Bref, le coeur domine la tête, et les chefs savent où viser.

M. Harper dépeint une économie mondiale au seuil de la catastrophe, tandis que MM. Mulcair et Trudeau sèment la peur au sujet de la politique de « peur et division » du gouvernement actuel.

L'autre façon d'analyser le débat, c'est l'approche optimiste, à laquelle nous souscrivons. Certes, l'aide médicale à mourir, la gestion de l'offre et les autres enjeux abordés hier sont très complexes. Mais on vote pour un leader, à qui on fait confiance pour régler des problèmes parfois difficiles à comprendre, ou réagir à des crises qu'on ne connaît pas encore.

Pour cela, le débat d'hier a été très utile. Ce grand rendez-vous a illustré les réelles différences entre les cinq chefs, dont trois pourraient bientôt gouverner le pays.

Il y a M. Mulcair, plus expérimenté et interventionniste dans les programmes sociaux, au risque de créer des frictions avec certaines provinces.

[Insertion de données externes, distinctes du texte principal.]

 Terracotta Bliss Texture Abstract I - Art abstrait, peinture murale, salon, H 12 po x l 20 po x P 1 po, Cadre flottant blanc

M. Trudeau, plus jeune et interventionniste dans l'économie, qui doublerait les investissements en infrastructures, mais ferait trois déficits. Et enfin M. Harper, qui réduirait la taille de l'État au nom des contribuables, offrirait des allègements aux plus fortunés, et ralentirait la lutte aux changements climatiques.

Voilà un choix.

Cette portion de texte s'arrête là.